A Good Vendor Neutral Option

NFS is a good option if you are inclined to go for storage integration that is vendor agnostic, its baked into just about every version of vanilla Kubernetes – by ‘Vanilla’ I mean the opensource version and not platforms/distributions based on this such as EKS, AKS, GKE, Anthos, SUSE Rancher, Red Hat OpenShift or Tanzu. And in keeping with one of the aims of this series, it is free to use, as NFS servers incur no costs to setup providing you have the infrastructure to spin one up on.

However, another aim of this work is to provide a stack which looks like something you might run in production. And I dislike intensely any kind of infrastructure that I have to setup manually; things that involve significant effort when it comes to rooting around under /etc to find config files to edit etc . . . If you want something there is NFS, if however, you want something that:

  • supports the CSI standard, meaning that it facilitates backups via CSI volume snapshots
  • provides automatic provisioning
  • facilitates high availability across availability zones for EKS/AKS and GKE
  • is one of the easiest storage platforms out there to set up, you simply present block storage to the clusters worker nodes for on-premises solutions and then apply a YAML manifest to the cluster, for EKS/AKS.GCP you only have to apply the manifest
  • is storage and IO path aware
  • provides a foundation for features that allow persistent volumes to be resized based on rules (highly useful for big data clusters)
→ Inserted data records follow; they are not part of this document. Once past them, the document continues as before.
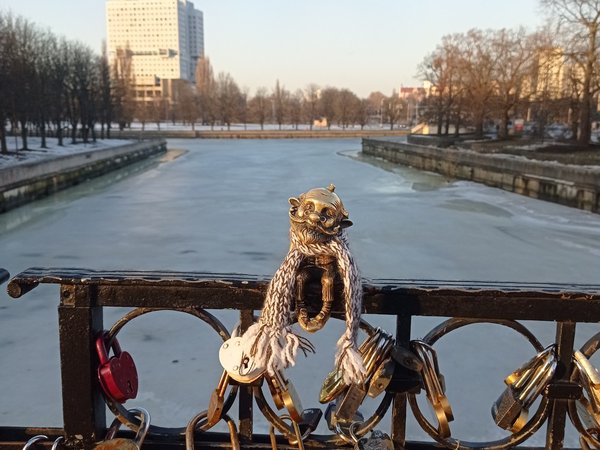 Призрак Кнайпхофа: экскурсия по острову Канта - фото 4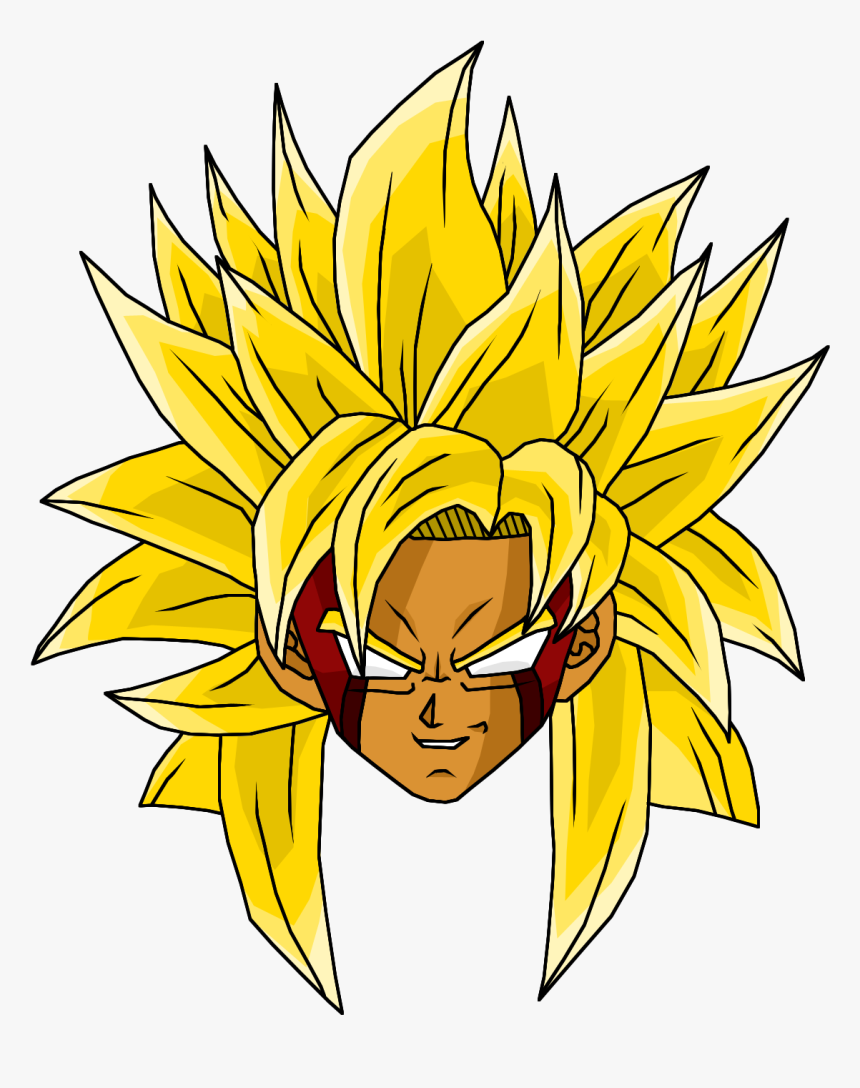 Thumb Image - Dragon Ball Head Transparent, HD Png Download, Free Download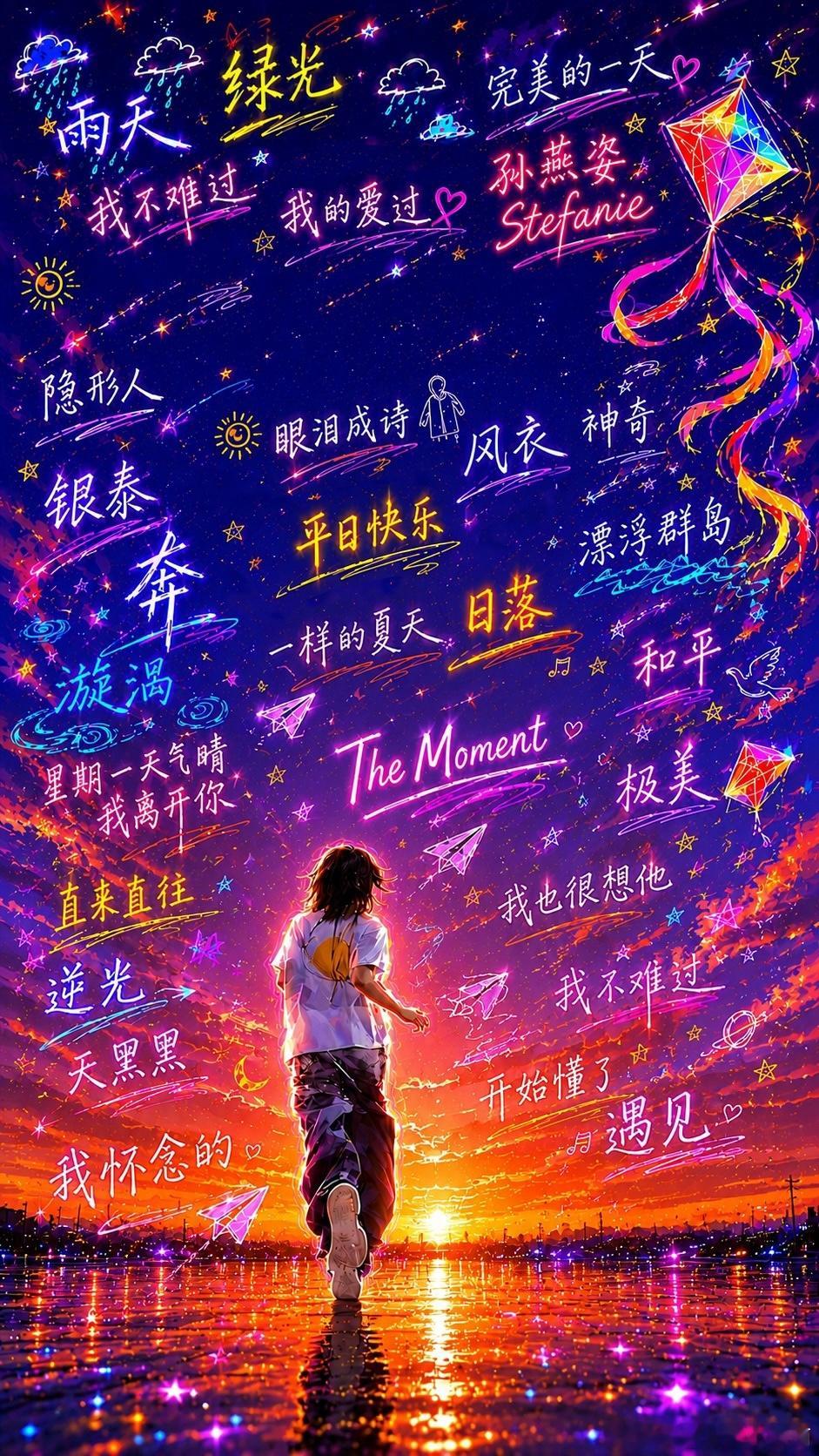 全世界最棒的燕姿，生日快乐祝你开心十年孙燕姿723生日快乐孙燕姿孙燕姿
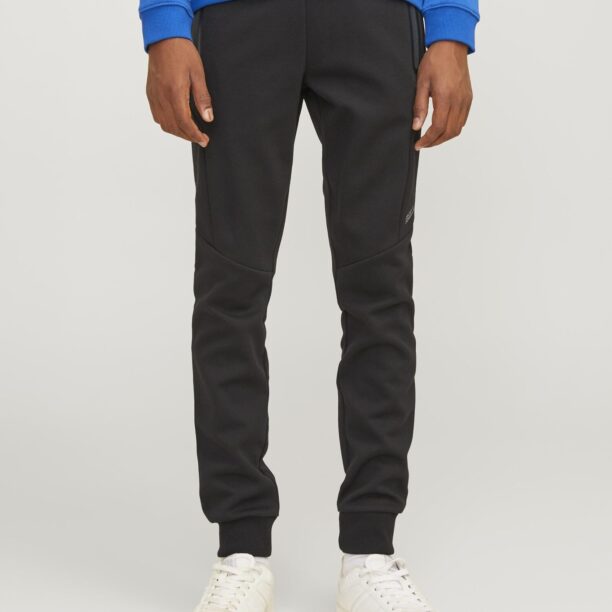 Jack & Jones Junior Pantaloni sport  negru preţ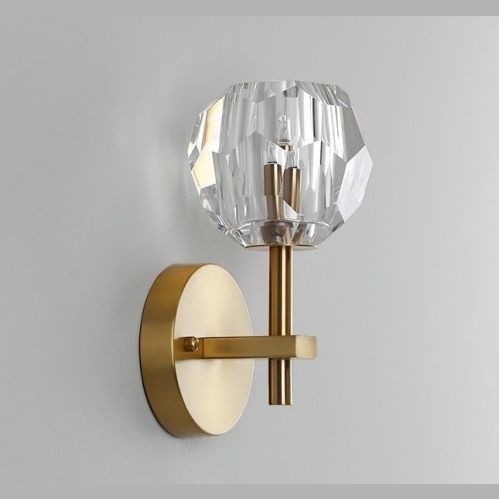 Бра Boule De Cristal Single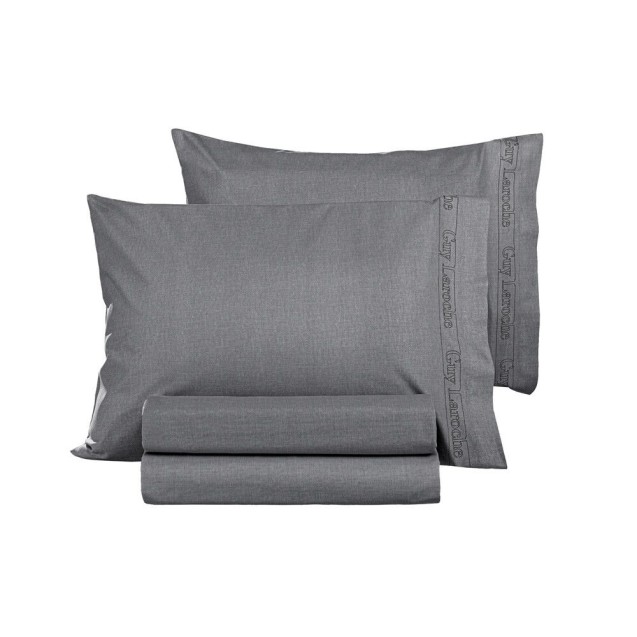 Παπλωματοθήκη King Size Guy Laroche Color Plus Anthracite 255x245 Παπλωματοθήκη King Size Guy Laroche Color Plus Anthracite 255x245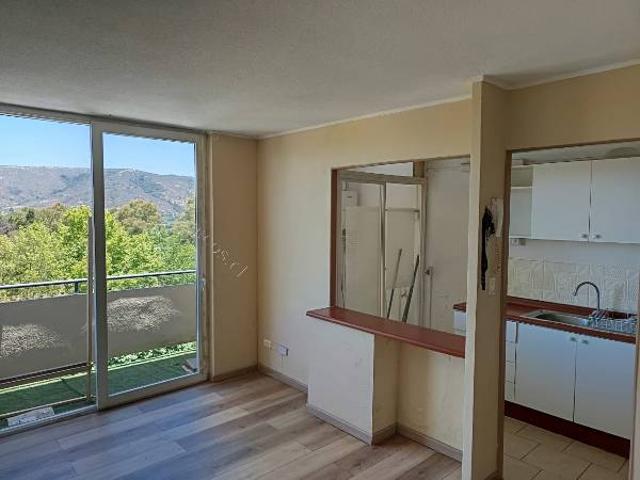 Arriendo Dpto 817 Condominio Abate Molina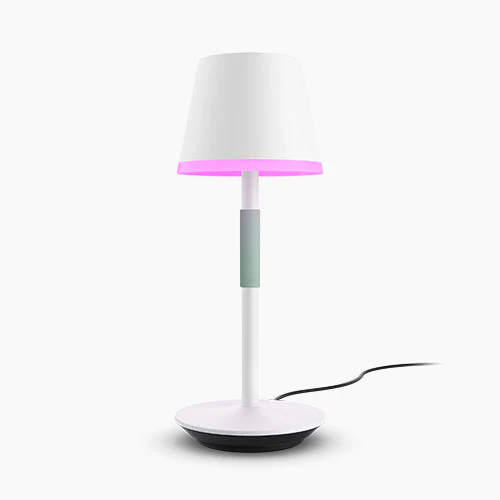Lampada portatile Hue Go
Portworx Essentials ticks all of these boxes and many more, for the purposes of provisioning persistent volumes and consuming storage from them, PX-Store is the component we are interested in.

PX-Store In A Nutshell

If you cast your mind back to Part 3 of this series, the variable used to create the virtual machines underpinning the Kubernetes cluster looks like this, note px_disk_size:

variable "virtual_machines" {
  default = {
    "z-ca-bdc-control1" = {
      name         = "z-ca-bdc-control1"
      compute_node = false
      ipv4_address = "192.168.123.88"
      ipv4_netmask = "22" 
      ipv4_gateway = "192.168.123.1"
      dns_server   = "192.168.123.2"
      ram          = 8192
      logical_cpu  = 4
      os_disk_size = 120
      px_disk_size = 0
    },
    "z-ca-bdc-control2" = {
      name         = "z-ca-bdc-control2"
      compute_node = false
      ipv4_address = "192.168.123.89"
      ipv4_netmask = "22"
      ipv4_gateway = "192.168.123.1"
      dns_server   = "192.168.123.2"
      ram          = 8192
      logical_cpu  = 4
      os_disk_size = 120
      px_disk_size = 0
    },
    "z-ca-bdc-compute1" = {
      name         = "z-ca-bdc-compute1"
      compute_node = true
      ipv4_address = "192.168.123.90"
      ipv4_netmask = "22"
      ipv4_gateway = "192.168.123.1"
      dns_server   = "192.168.123.2"
      ram          = 73728
      logical_cpu  = 12
      os_disk_size = 120
      px_disk_size = 120
    },
    "z-ca-bdc-compute2" = {
      name         = "z-ca-bdc-compute2"
      compute_node = true
      ipv4_address = "192.168.123.91"
      ipv4_netmask = "22"
      ipv4_gateway = "192.168.123.1"
      dns_server   = "192.168.123.2"
      ram          = 73728
      logical_cpu  = 12
      os_disk_size = 120
      px_disk_size = 120
    },
    "z-ca-bdc-compute3" = {
      name         = "z-ca-bdc-compute3"
      compute_node = true
      ipv4_address = "192.168.123.92"
      ipv4_netmask = "22"
      ipv4_gateway = "192.168.123.1"
      dns_server   = "192.168.123.2"
      ram          = 73728
      logical_cpu  = 12
      os_disk_size = 120 
      px_disk_size = 120
    }
  }
}

PX-Store requires a disk to create persistent volumes on, this could be any kind of block storage presented to worker nodes, be that via local storage, direct attached storage or a shared device such as a SAN, . . .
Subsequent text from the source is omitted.